As long as you think your existence is who you think you are, there isn’t any answer to that—because who you think you are doesn’t have any purpose. 

Insofar as you think you are who you are—as in, your narrative, all the stories you make up about yourself, all the projections of what you think you want and whether you’re satisfying them or not, your dreams and images: “Okay, I’m accomplishing this amount, so I’m happy.” “I’m not accomplishing this amount, so I’m unhappy.” “I wish I had this and I hope I had that…” All of this is a completely hopeless and aimless existence.

I can’t help you with that. 

However, that isn’t actually what’s going on. 

That’s the problem. That whole thing that you think is going on, actually isn’t what’s going on. You’ve been fooled!

So from the time you were a little kid, you got fooled. You thought that what was going on was what everybody was telling you was going on—that there were things going on all around you all the time. You thought that there was something going on there that was actually going on. And so then you’ve been having to spend all your time trying to figure out how to make life work in relation to all this stuff that you learned about, which is supposedly what life is, from your childhood, your conditions, your family, television… Everything that’s been going on around you. But that entire construct of everything going on all around you is entirely made up from other people’s fantasies that they have. You’re trying, with your narrative, to make up some story that’ll work. But it’s doomed not to work because the things that you are trying to make work are completely a fantasy that everybody’s making up. Therefore, you feel aimless.

Actually if you don’t feel like you’re aimless or useless, then you’re even fooling yourself more, because that’s much more true than anything else. 

The fact that everything you think is going on isn’t actually going on in the way you think it’s going on is a real challenge. And if you continue down  the paths that are given for you to follow at this particular point in time, when you look at yourself honestly, you’ll see that you’re just kind of aimlessly wandering nowhere.
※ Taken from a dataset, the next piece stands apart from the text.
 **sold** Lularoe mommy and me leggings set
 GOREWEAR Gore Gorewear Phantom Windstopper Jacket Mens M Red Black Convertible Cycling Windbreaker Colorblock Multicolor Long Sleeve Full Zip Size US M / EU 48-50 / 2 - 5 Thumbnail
And if you make up something about yourself according to which you’re not aimless, then you’re gonna end up stuck in some kind of a prison.

Right now the choice is between this aimless wandering and being stuck in a prison. So in order to not be stuck with those two choices, there has to be another way of experiencing, another way of reflecting on your experience that opens up the door to something that’s more spontaneous, something that you can be comfortable with: the background of what’s going on before all these patterns—emotional patterns, thought patterns, cultural patterns, impulsive patterns—have embedded themselves in your consciousness. You have to find the freedom of mind before those things become so compelling. 

That requires a lot of open space. A lot of mental open space. 

 

Questioner:

How exactly does this freedom address the feeling of aimlessness?

 

Prof. Doug Powers:

If you’re able to engage in that kind of freedom of mind, the aimlessness completely disappears. Because ultimately, when you use consciousness in the way in which it was designed to function in a profound sense, it will actually experience every moment as incredibly meaningful, incredibly interconnected, and incredibly profound.

Every moment is a kind of awe-inspiring moment of existence.

But by getting caught within certain limiting frames of evaluation and thinking about things from the point of view of a limited story or narrative, you cut off this awareness. The awareness, the consciousness, cuts off the connection with the depth of itself and just lives on the surface of its interpretation of what it’s making up. And the problem is that what it makes up can be very compelling. Once it gets made up, and you buy into it, and you attach to it, it becomes so compelling that it’s very difficult to see out of it. And once you’ve bought into it, then that sense of being a consciousness that’s caught up in a narrative feels, if you honestly reflect on it, like just wandering aimlessly and meaninglessly. 

 

Questioner:

I do experience this kind of aimless feeling, but I don’t really want to give it up. I can tell it’s not working, but there’s still a barrier that stops me from being open to something else.

 

Prof. Doug Powers:

It’s not the aimlessness that you’re not willing to give up, it’s the sense of the narrative, or self, or whatever you want to call it. The sense of interpretation, or the imaginative world that you live in. You don’t want to give that up. So even if it feels like it’s not satisfying, you’re afraid to give it up. Because you’re just gonna fall into empty space. That seems to be the totality of reality and you feel like if you give that up, you’d be giving everything up.

The really difficult thing about trying to do anything about this is that it feels extremely risky, extremely vulnerable.

Jumping out of this story that you’re telling yourself, the narrative, the self that you’re creating, feels like jumping out of a plane with no parachute: Falling through empty space with no point of reference. People would rather stay in existence that is aimless and meaningless than take a jump.